Hernandez was not evading the police; he was escaping the news media, who sprang into action for a relatively mundane pursuit when he left his house Thursday morning. He made a brief stop at Gillette Stadium and declined to speak to reporters who surrounded him as he filled up his gas tank on the way to Boston.
The scrutiny of Hernandez began shortly after the body of Odin Lloyd, a 27-year-old acquaintance of his, was discovered Monday afternoon in an industrial park near his home. The police have ruled the death a homicide. The state police searched Hernandez's home Tuesday night.
"It has been widely reported in the media that the state police have searched the home of our client, Aaron Hernandez, as part of an ongoing investigation," Michael Fee, a lawyer for Hernandez, said in a statement. "Out of respect for that process, neither we nor Aaron will have any comment about the substance of that investigation until it has come to a conclusion."
A spokeswoman for the Bristol County District Attorney's Office said Thursday that no arrests had been made in connection with the murder, but that she could not comment further on the case. "It's part of an active investigation," the spokeswoman, Yasmina Serdarevic, said.

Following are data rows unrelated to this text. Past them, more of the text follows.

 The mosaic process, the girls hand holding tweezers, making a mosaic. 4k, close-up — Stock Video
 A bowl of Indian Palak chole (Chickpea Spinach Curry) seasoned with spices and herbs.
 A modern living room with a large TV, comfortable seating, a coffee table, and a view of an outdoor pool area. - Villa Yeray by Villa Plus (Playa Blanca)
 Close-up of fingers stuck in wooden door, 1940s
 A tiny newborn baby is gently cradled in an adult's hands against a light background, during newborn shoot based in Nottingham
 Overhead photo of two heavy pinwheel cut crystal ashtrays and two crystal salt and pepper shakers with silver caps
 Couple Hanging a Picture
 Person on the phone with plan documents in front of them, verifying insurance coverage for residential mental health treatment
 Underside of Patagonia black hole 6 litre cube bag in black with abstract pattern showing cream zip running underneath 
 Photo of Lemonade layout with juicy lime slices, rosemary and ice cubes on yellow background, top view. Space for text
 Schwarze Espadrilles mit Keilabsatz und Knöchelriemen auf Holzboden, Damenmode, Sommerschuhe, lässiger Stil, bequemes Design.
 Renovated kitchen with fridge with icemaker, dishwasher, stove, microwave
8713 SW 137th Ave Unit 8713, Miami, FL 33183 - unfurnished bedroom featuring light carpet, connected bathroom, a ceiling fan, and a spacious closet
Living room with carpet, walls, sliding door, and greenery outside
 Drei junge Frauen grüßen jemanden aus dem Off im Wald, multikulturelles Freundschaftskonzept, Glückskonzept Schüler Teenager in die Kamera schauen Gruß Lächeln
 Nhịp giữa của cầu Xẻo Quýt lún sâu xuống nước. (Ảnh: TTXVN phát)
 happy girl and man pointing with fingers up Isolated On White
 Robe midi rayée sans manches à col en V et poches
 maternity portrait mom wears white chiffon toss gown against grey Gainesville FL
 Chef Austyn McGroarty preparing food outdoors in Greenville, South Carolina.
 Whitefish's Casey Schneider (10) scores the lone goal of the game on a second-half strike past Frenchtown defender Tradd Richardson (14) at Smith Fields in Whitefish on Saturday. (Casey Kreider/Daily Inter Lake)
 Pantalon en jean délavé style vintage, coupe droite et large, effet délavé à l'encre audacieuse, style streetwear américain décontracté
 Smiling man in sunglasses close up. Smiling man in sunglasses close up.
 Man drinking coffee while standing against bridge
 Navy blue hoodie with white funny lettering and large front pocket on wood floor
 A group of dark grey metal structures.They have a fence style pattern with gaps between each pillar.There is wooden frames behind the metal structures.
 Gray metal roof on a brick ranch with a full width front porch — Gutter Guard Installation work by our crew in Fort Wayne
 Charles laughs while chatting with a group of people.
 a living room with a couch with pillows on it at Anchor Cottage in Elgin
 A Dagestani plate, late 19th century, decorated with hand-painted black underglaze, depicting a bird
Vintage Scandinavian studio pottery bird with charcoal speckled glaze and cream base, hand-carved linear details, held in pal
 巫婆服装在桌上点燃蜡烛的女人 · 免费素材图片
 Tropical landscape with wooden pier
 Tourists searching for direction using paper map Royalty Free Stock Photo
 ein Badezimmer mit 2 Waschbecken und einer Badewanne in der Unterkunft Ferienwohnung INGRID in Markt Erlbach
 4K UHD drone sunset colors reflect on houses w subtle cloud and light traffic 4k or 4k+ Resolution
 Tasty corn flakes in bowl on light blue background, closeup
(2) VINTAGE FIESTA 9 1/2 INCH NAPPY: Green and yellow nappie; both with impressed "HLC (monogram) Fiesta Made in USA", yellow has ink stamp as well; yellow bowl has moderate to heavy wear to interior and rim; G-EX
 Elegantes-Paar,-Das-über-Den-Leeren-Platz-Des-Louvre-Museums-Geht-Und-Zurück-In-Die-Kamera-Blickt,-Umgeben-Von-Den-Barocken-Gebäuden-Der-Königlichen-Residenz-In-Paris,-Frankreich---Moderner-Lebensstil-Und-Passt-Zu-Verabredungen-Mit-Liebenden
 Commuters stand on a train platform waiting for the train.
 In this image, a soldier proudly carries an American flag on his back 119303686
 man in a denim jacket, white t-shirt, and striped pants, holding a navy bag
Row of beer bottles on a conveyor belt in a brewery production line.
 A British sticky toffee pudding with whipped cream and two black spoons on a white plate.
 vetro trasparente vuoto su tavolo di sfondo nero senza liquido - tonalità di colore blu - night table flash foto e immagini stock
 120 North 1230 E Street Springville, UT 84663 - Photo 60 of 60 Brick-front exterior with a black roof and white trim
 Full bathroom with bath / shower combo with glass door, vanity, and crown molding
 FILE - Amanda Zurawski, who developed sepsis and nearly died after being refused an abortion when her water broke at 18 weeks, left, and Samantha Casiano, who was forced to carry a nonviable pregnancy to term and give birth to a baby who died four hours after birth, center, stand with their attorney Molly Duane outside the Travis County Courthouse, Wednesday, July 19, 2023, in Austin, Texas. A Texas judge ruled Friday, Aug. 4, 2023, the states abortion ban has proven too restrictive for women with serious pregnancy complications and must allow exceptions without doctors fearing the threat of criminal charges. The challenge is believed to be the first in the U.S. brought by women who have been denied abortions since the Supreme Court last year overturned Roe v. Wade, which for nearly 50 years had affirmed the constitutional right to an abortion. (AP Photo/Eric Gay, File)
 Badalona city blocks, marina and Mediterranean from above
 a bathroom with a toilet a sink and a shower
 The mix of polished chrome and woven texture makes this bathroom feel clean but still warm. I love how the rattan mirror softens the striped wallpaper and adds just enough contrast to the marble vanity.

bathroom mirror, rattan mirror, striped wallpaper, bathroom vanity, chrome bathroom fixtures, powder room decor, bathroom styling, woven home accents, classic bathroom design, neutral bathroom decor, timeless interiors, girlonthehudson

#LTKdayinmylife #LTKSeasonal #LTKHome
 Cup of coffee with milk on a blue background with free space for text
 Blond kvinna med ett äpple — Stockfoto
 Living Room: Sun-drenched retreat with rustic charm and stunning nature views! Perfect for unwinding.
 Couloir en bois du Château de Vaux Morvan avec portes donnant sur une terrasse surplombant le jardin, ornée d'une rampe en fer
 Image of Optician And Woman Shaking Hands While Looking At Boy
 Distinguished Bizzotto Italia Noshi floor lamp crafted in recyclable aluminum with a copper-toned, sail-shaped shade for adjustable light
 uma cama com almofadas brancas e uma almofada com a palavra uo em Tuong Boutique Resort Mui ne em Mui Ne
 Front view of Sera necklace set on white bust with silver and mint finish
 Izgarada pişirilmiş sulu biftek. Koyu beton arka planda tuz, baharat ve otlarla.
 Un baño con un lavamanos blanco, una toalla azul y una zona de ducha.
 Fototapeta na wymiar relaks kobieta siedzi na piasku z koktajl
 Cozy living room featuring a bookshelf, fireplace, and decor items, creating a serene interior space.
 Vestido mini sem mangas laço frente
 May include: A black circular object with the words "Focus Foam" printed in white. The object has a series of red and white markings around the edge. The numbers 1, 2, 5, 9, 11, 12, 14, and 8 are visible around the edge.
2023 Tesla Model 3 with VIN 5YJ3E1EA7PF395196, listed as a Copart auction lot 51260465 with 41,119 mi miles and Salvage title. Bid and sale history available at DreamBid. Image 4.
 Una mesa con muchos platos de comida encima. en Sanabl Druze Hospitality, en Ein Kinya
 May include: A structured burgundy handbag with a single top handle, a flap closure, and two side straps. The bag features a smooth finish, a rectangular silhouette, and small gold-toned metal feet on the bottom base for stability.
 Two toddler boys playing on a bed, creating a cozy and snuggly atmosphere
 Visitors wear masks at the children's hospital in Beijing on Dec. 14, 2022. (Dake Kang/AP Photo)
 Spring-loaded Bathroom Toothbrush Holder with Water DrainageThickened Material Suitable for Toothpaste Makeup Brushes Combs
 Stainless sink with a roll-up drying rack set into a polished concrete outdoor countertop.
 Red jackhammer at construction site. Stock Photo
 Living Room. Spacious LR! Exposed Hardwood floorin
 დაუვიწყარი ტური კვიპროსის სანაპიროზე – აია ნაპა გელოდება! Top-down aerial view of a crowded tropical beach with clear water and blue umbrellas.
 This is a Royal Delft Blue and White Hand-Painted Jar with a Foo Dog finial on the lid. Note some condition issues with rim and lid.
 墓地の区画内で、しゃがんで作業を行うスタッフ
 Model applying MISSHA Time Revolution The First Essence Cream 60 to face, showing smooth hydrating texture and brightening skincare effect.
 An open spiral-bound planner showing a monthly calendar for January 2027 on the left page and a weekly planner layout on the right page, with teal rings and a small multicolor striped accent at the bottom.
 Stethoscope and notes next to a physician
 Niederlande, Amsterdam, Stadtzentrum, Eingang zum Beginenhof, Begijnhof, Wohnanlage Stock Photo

Serdarevic said the police were looking for part of a side-view mirror that may be somewhere between Boston and North Attleborough. "It's a side-view mirror cover belonging to the driver's side of the motor vehicle," said Serdarevic, who did not offer details about the vehicle or why investigators were interested in it.
Four sports trophies and a photograph were perched on the porch railing of Floyd's family's home in the Dorchester neighborhood of Boston. Lloyd played for the Boston Bandits, a semiprofessional football team.
"You couldn't ask for a better kid," Lloyd's stepfather, who did not give his name, said as he walked slowly away from the home.
"He's the victim, not the famous people," said a neighbor, Paul Sandefur, 70.
Through the afternoon, attention remained on Hernandez, who stayed inside his lawyers' offices in the Prudential Center for hours.
Karen Russell, 58, from Cambridge, Mass., waited outside the building, hoping for his autograph.
"His autograph is going to be worth money, you know what I'm saying?" she said.